Soames is called into action when his friend and fellow spy Conner (Jeffrey Dean Morgan) is brutally murdered after stumbling on a piece of information that suggests Japan's fleet may be amassing against U.S. forces in the Pacific.
That's right: Shanghai is about Japan's plot to attack Pearl Harbor. It's October 1941, and virtually everyone in the American intelligence establishment is blissfully unaware of Japan's plans. Everyone, that is, except Conner.
Yet instead of honing in on this promising premise, Håfström's film zigs, zags, and careers all over the place with a profusion of fruitless subplots. In one, Soames befriends top triad boss Anthony Lan-Ting (Yun-Fat Chow) while falling in love with his wife Anna (Li Gong). The daughter of a principled Chinese nationalist murdered by the Japanese, Anna is a spy for the city's anti-Japanese resistance force. Another subplot has Soames hunt down Conner's Japanese girlfriend.
Then there's Cusack's interminable voice-overs explaining the plot as the film moves forward (while going nowhere).

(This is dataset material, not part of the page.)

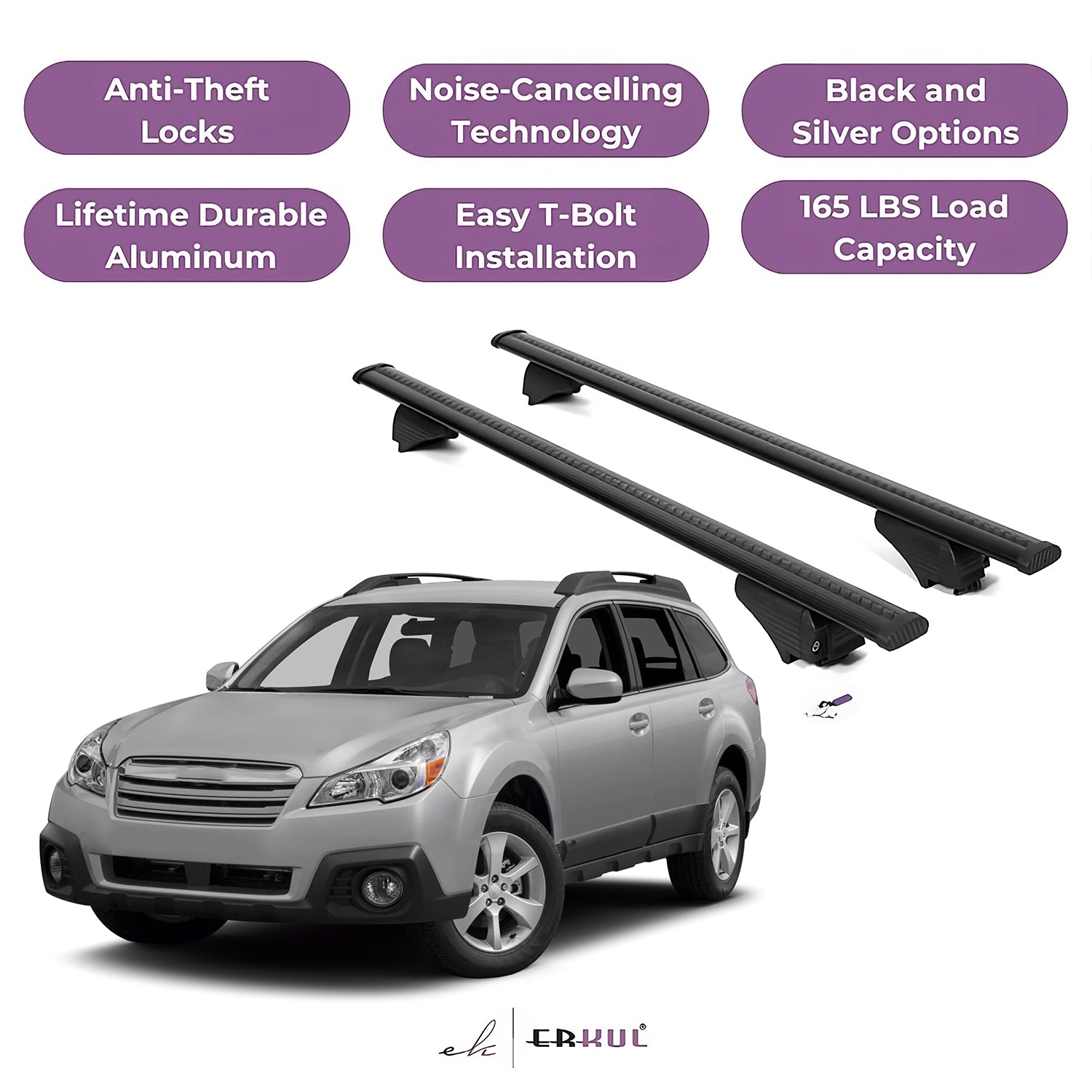 Roof Rack Cross Bars with Extended Bar Design for Subaru Outback 2010-2014  - Black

Shanghai has a fascinating if outlandish premise, amazing photography, and an amazing cast of international stars who also includes Ken Watanabe, David Morse, Franka Potente, and Hugh Bonneville. Yet it is hampered by weak writing and a badly executed story line.
Despite all its problems, Håfström's film has a nostalgic, 1940s film-noir feel that I found attractive. To enjoy Shanghai, you have to approach it not as a completed film in its own right, but as a disparate series of cinematic gestures that evoke a genre that was long gone by the 1950s.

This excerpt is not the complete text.